Structures change, and find whatever use an entity can manage. In the evolution of an eye, there never was half an eye, but there were structures between the extremes of a light sensitive surface and a full eye—with varying sensing levels.

Evolution is not as simplified as some have made it. Our present concept of an “Eve,” a female supposedly the ancestor of us all, is a gross example—“...she represents a particular molecular sequence for mitochondrial DNA, embodied in a population of women possessing that molecule, from whom all modern mitochondrial DNA molecules descend.” This sequence likely dates back long before the divergence of humans and chimpanzees.

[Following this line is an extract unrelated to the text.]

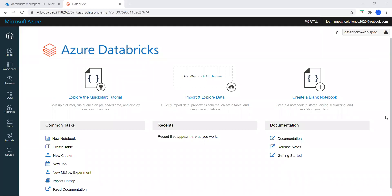Hello, welcome to Azure Cloud Channel. In this module we will learn Azure Databricks and we will learn how to create a cluster and create a notebook and how to attach the notebook to the cluster and run all the commands in the notebook and how to choose the language that we prefer.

“Primitive” creatures primitive can have more of our capabilities than we credit them for. A famished cat can use complex communication strategies to let human stewards know what it wants from the immediate future. Consciousness is a continuum, not something absent in animals and present in humans.

Human imagination has created more complex sense—and nonsense—than most, with results more often useful than not, since humans are a species that can bend its own mind. The “realities” that humans choose are sometimes odd ones, though, since “truth” is not the only factor involved in the construction of cultural myths. A large selection is possible. Forteans tend to be aware of this.

Simplex minds think in single “lines” of thought, complex minds explore in the areas immediately around such intersecting “lines,” while multiplex minds search in the unknown territory between them. As the global culture knits closer, the latter mode of thinking becomes desirable—if one can achieve it.

This book considers the ways sentient beings experience and think about reality, and promotes multiplex awareness.